Training with Missing Modalities
One prominent characteristic of multisensory is that data may not be always jointly observable, especially during training (missing modalities). For example, we see many new objects without any haptic interaction, but still we can guess how it would feel like when we grasp them. This is related to how we can aggregate multiple context experience to infer our scene representation z. One simple choice of such aggregation is summation (See "baseline" from below). This means you might have some hidden vectors from each experience and sum them up! An important benefit of this summation is that it is an order-invariant operation, meaning that the resulting sums are supposed to be the same regardless of the order of experiences. As long as, an encoder to read this representation is powerful enough, our model may able to infer 3D structure properly.
However, this simple solution may have potential drawback for missing modality training scenario. If my model didn't see certain combinations of different modalities during training, encoder may not able to handle that very new combination for test. Regarding this, Product-of-Experts (PoE) has been shown to provide a good solution in such scenarios (Wu & Goodman, 2018).

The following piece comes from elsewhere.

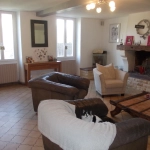 Belle maison charentaise avec dépendances et piscine proche Cognac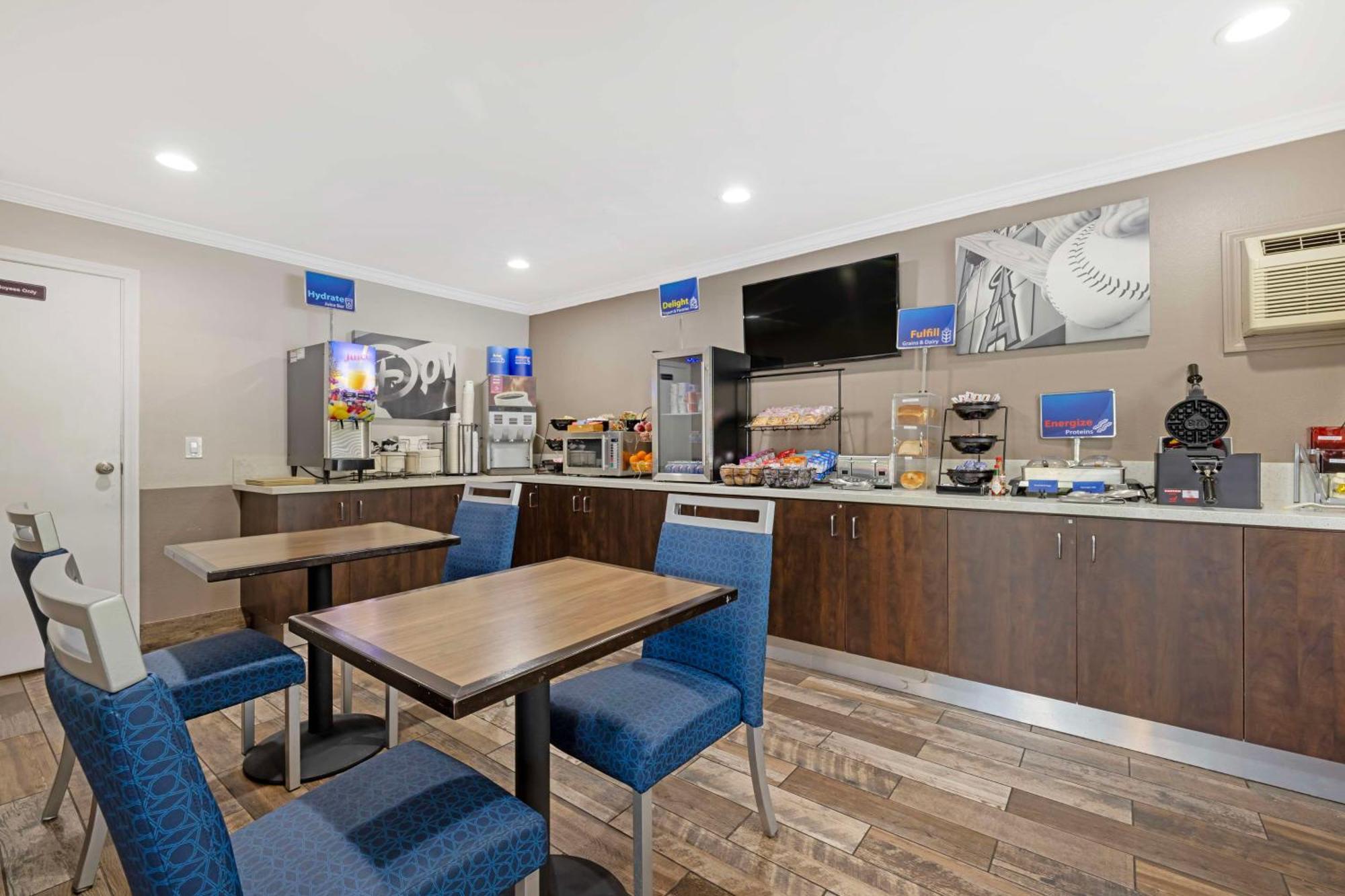 Best Western Courtesy Inn Hotel - Anaheim Resort At The Park Εξωτερικό φωτογραφία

For example, haptic encoder represent probability of an object with some amount of uncertainty. Additional visual information who can also have different types of uncertainty. But we need to represent the combined distribution as a product of them, always. This let each encoder to learn the uncertainty independently as well as train them from their product. During training even though there is no input from one sensory, the missing sensory would have its own uncertainty on 3d worlds. The rest of sensors would work independently as well.
In this study, we further observe that standard Product-of-Experts implementations require large memory and computations, especially for relatively large-scale models. In order to deal with the computational complexity, we introduce to use amortization, i.e. Amortized Product-of-Experts (APoE). Learn a single model that does everything!